(Action item) Leave the images out. Give every line below again, precisely.

▬▬▬

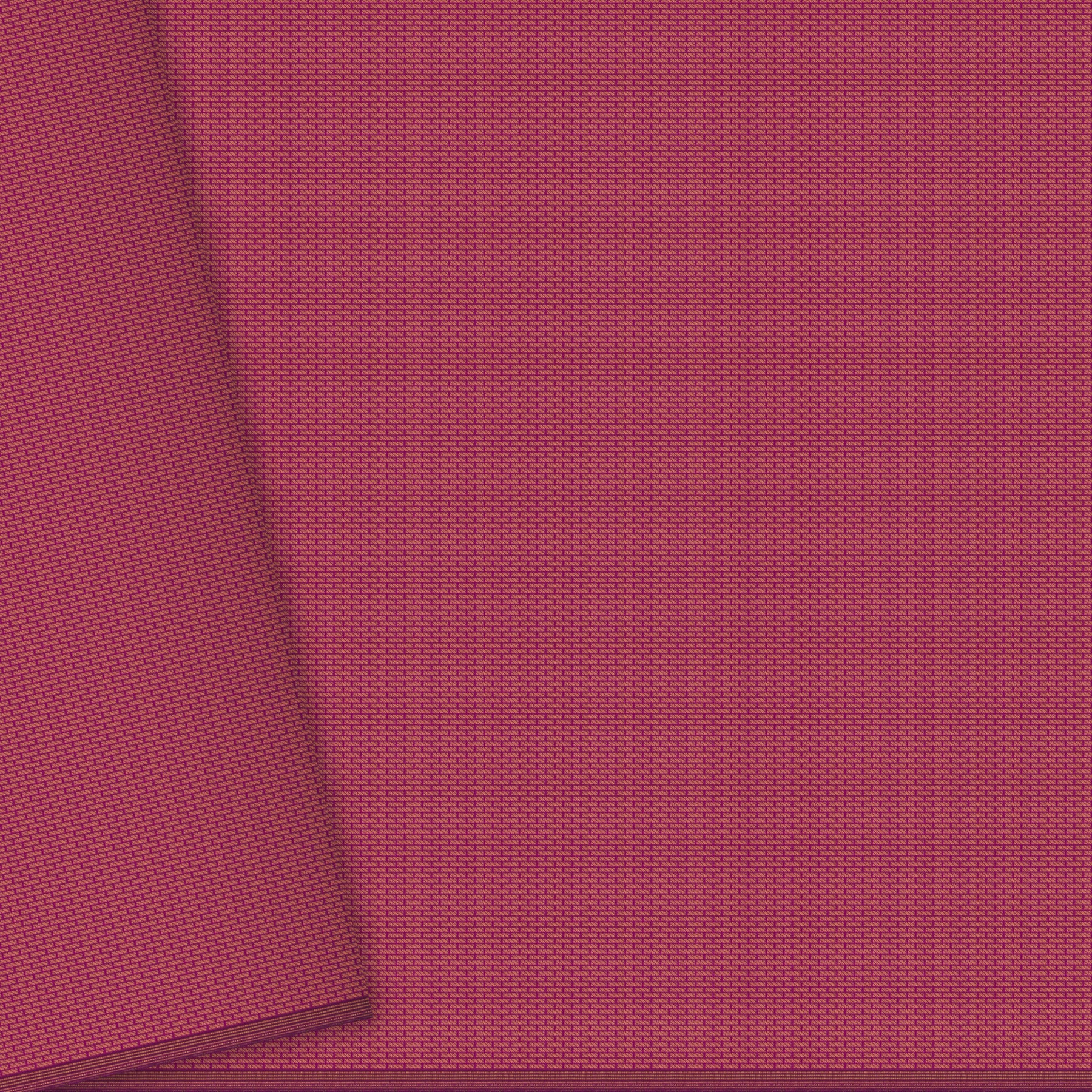 Kanakavalli Kattam - Vari Silk Blouse Length 23-110-HB001-10036 - Cover View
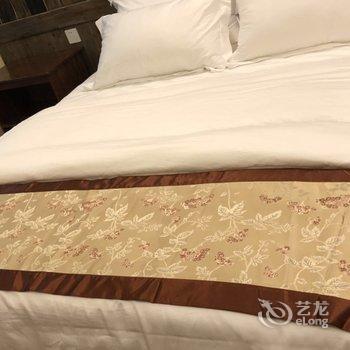 香格里拉轩缘客栈酒店提供图片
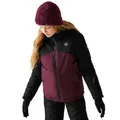 Produktbild: Dare2b Kids' Impose V Skijacke wasserdicht atmungsaktiv gepolstert Snowboarding Coat
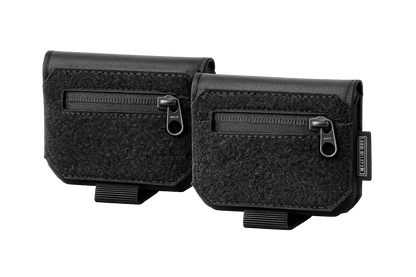 Ajaxfit™ Slim Belt Wallet —“Waist Shield” Tactical Waist Pack with Quick Access Wallet 🛡️💳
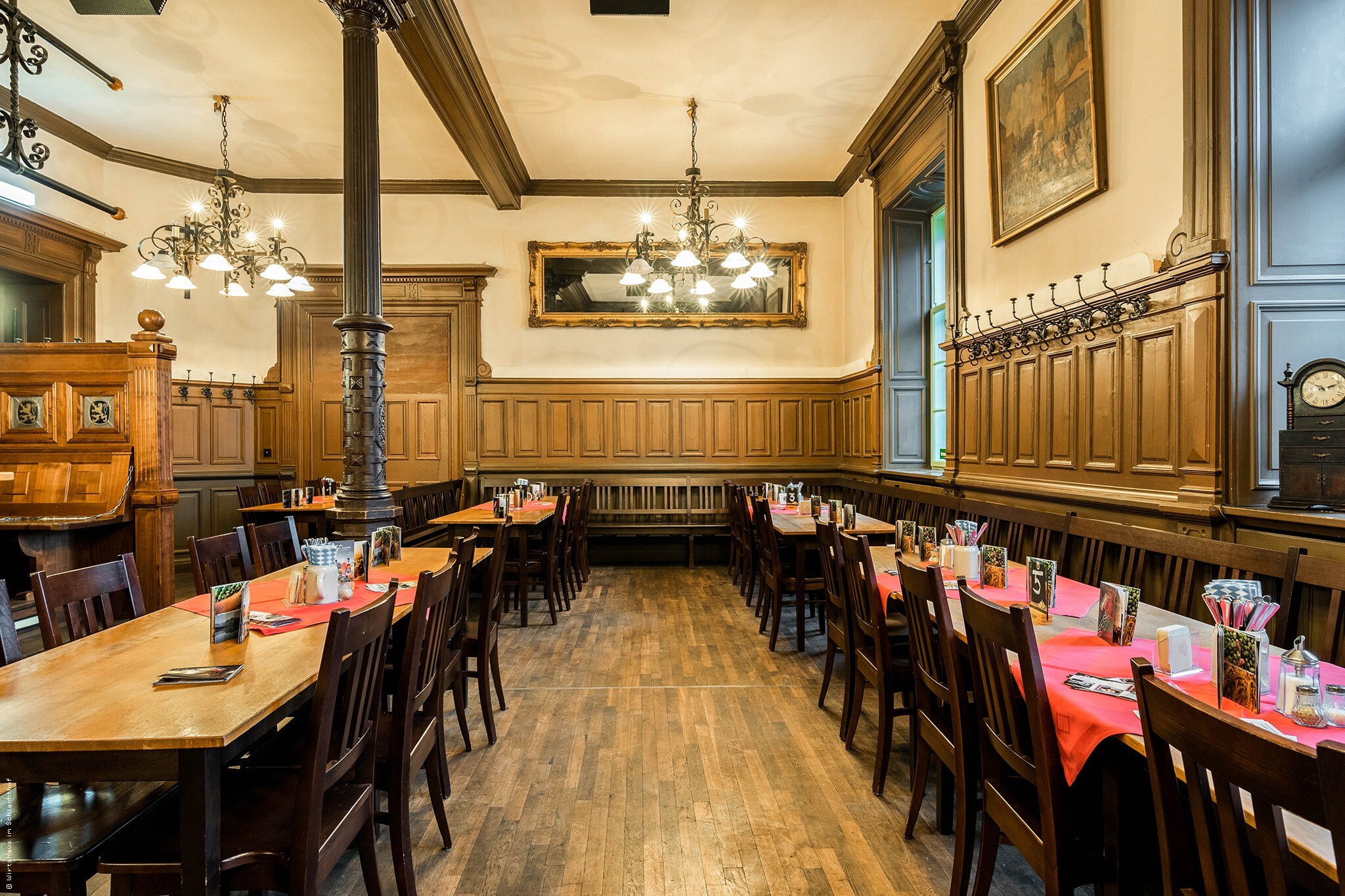 Schlachthof - Ku(h)bar
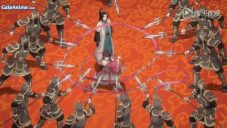 الصورة انمي Cowboy Bebop الحلقة 1 مترجمة اونلاين وتحميل مباشر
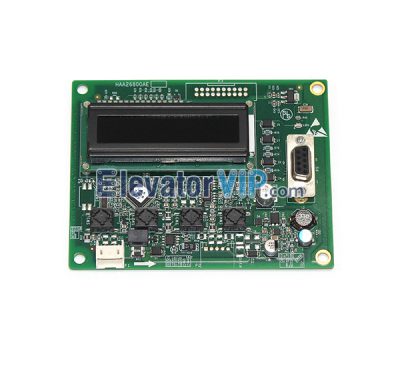 Otis Elevator SPB Board, HAA26800AE1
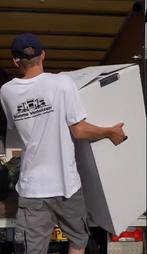 Goedkoop verhuizen Rotterdam, Inpakservice, Opslag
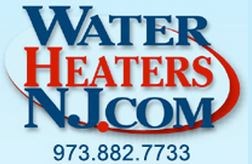 Logo for Water Heaters NJ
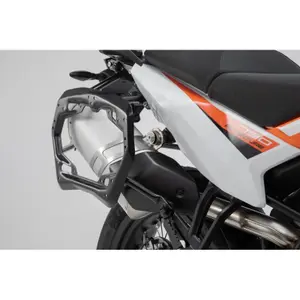Πλευρικοί στηρίγματα SW-Motech KTM 790 Adv/ R, 890 Adv/ R 890 SM T image-0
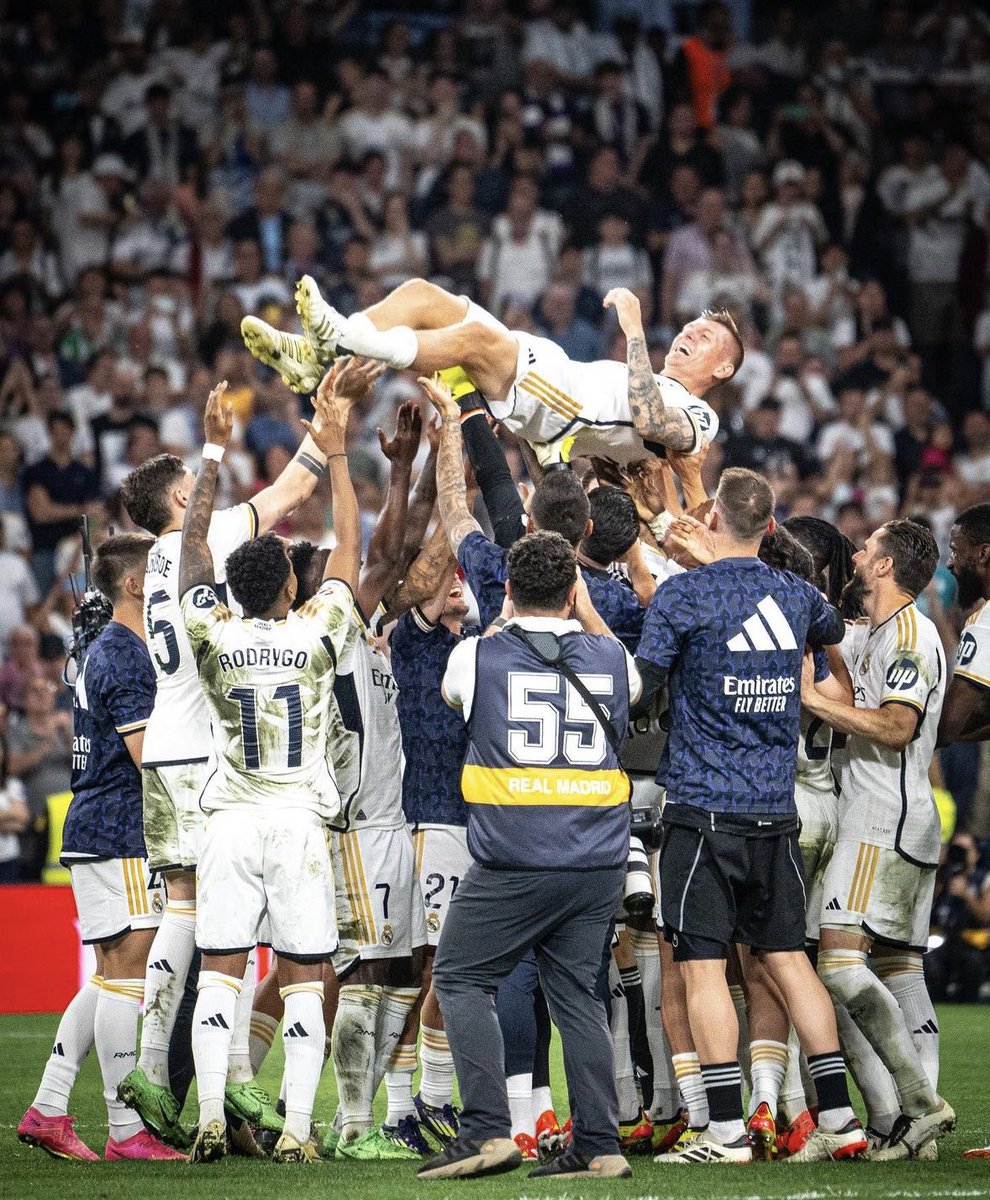 theMadridZone tweet picture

▬▬▬

(Answer to the problem)
 Kanakavalli Kattam - Vari Silk Blouse Length 23-110-HB001-10036 - Cover View
 香格里拉轩缘客栈酒店提供图片
 Produktbild: Dare2b Kids' Impose V Skijacke wasserdicht atmungsaktiv gepolstert Snowboarding Coat
 Ajaxfit™ Slim Belt Wallet —“Waist Shield” Tactical Waist Pack with Quick Access Wallet 🛡️💳
 Schlachthof - Ku(h)bar
 الصورة انمي Cowboy Bebop الحلقة 1 مترجمة اونلاين وتحميل مباشر
 Otis Elevator SPB Board, HAA26800AE1
 Goedkoop verhuizen Rotterdam, Inpakservice, Opslag
 Logo for Water Heaters NJ
Πλευρικοί στηρίγματα SW-Motech KTM 790 Adv/ R, 890 Adv/ R 890 SM T image-0
 theMadridZone tweet picture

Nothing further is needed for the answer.